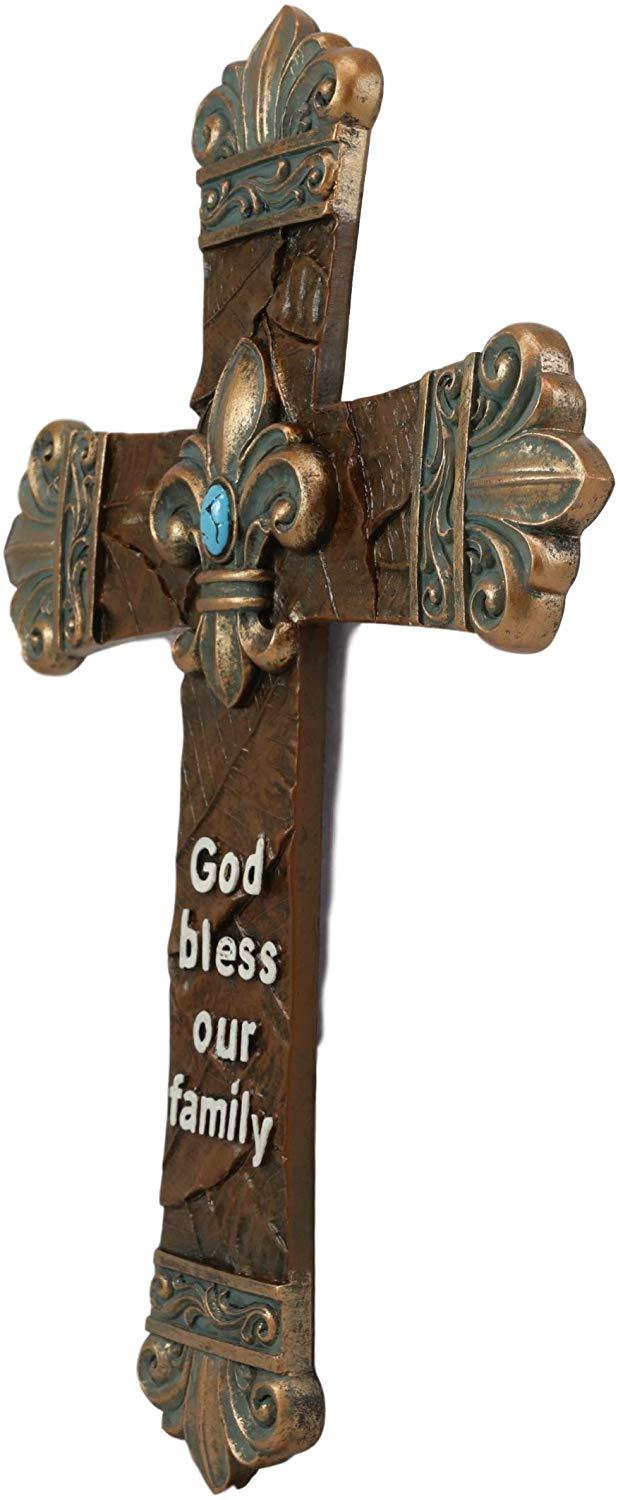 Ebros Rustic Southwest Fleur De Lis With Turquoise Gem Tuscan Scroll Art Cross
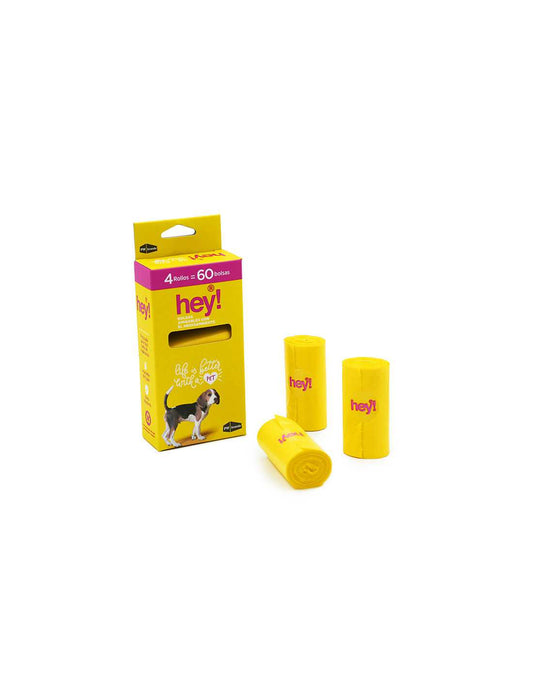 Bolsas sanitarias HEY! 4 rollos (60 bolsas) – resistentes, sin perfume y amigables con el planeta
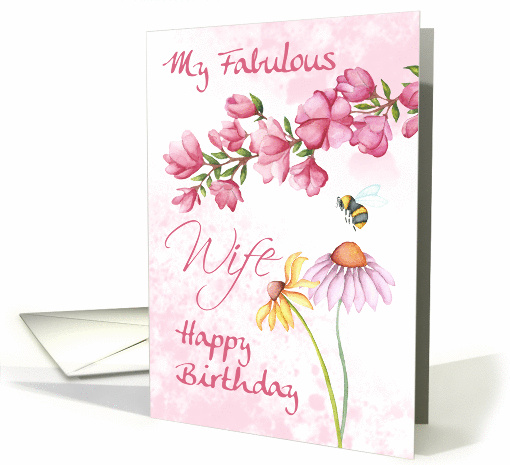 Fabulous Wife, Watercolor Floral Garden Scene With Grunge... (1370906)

==

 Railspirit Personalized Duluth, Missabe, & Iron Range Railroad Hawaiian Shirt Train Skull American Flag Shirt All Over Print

PROBLEM REQUIREMENTS ->
For the data above, set down exactly the lines from the line with "Bolsas sanitarias HEY!" to the line with "Fabulous Wife, Watercolor", both included, leaving pictures out.

WRITTEN RESPONSE ->
 Bolsas sanitarias HEY! 4 rollos (60 bolsas) – resistentes, sin perfume y amigables con el planeta
 Fabulous Wife, Watercolor Floral Garden Scene With Grunge... (1370906)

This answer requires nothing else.